This light and simple turkey piccata is a great weeknight dinner when your bored with the usual plain chicken breast. The sauce is light and very fresh and flavorful. A simple side of grilled lemon broccolini pairs beautifully for a healthy dinner. If your looking for small and simple Thanksgiving dinner idea, and don't need to buy a large whole turkey, this is a great substitute.
We have been spending a ton of time outdoors lately seeing as the weather here in Phoenix is too gorgeous to pass up a reader recently scolded me for not bragging about the weather more. Actually, what she said was "I'm so sick and tired of people not bragging about the weather in Arizona more."
I'm too busy enjoying it to sit at the computer and write about it I suppose. Plus, who likes a bragger anyway? pshhh!
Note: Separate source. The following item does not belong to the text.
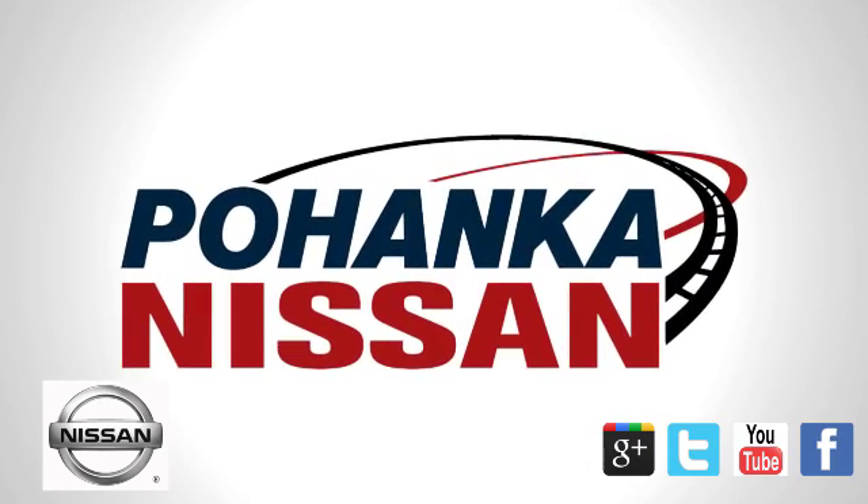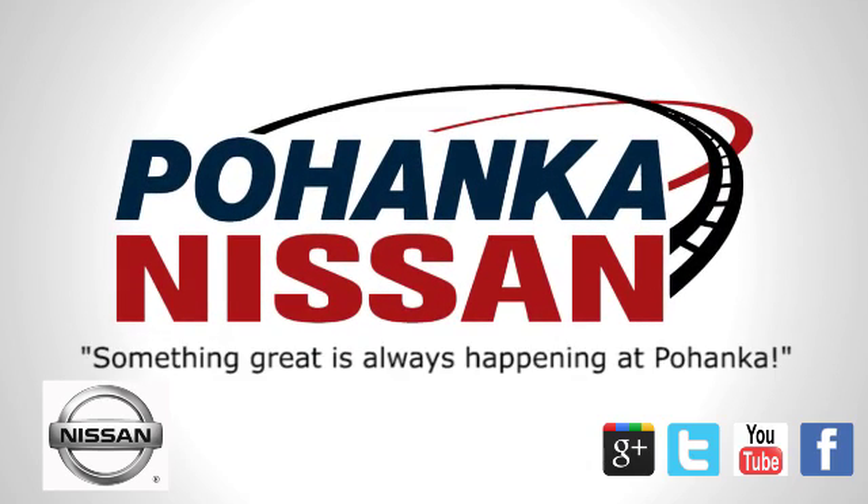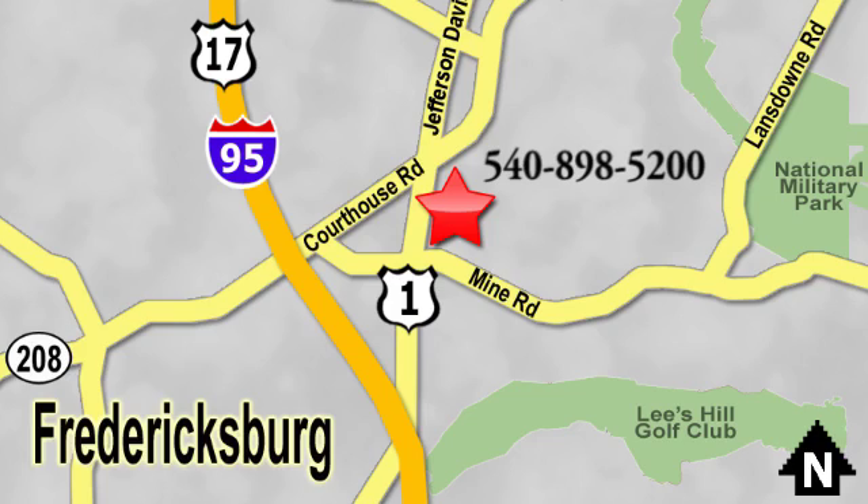Welcome to Pohanka Nissan in Fredericksburg. Something great is always happening at Pohanka, located on Route 1 in Fredericksburg, Virginia.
The boys were in a big Veterans Day parade here in the Valley yesterday and we spend all day soaking in the sights and the sun. I haven't been able to sit in front of the computer for more than a few minutes at a time because the outdoors are calling to me! It's finally hiking 'season' Yayyyy! So pardon my short posts this month please. ;}
Recipe from Cooking Light October 2013
SERVES 8 TIME 20 MINUTES
- 8 (3-ounce) turkey cutlets
- 1/4 teaspoon salt
- 1/4 teaspoon freshly ground black pepper
- 1 tablespoon olive oil, divided
- 2 tablespoons unsalted butter, divided
- 1/4 cup chopped shallots
- 1 tablespoon sliced garlic
- 3/4 cup dry white wine
- 1/2 cup unsalted chicken stock
- 1 teaspoon all-purpose flour
- 2 tablespoons fresh lemon juice
- 1 1/2 tablespoons capers, drained
- 2 tablespoons chopped fresh flat-leaf parsley
- 1. Sprinkle turkey evenly with salt and pepper. Heat a large skillet over medium-high heat. Add 1 1/2 teaspoons oil to pan; swirl to coat. Add 4 cutlets to pan, and cook 2 minutes on each side or until done. Remove cutlets from pan; keep warm. Repeat procedure with remaining oil and cutlets.
- 2. Add 1 tablespoon butter to pan. Add shallots and garlic; sauté 1 minute. Increase heat to high. Add wine; bring to a boil, and cook 2 minutes, scraping pan to loosen browned bits. Combine chicken stock and flour, stirring with a whisk. Add stock mixture to pan, and bring to a boil. Cook 5 minutes or until liquid is reduced by half. Remove from heat; stir in remaining 1 tablespoon butter, juice, and capers. Pour sauce over cutlets; sprinkle with parsley.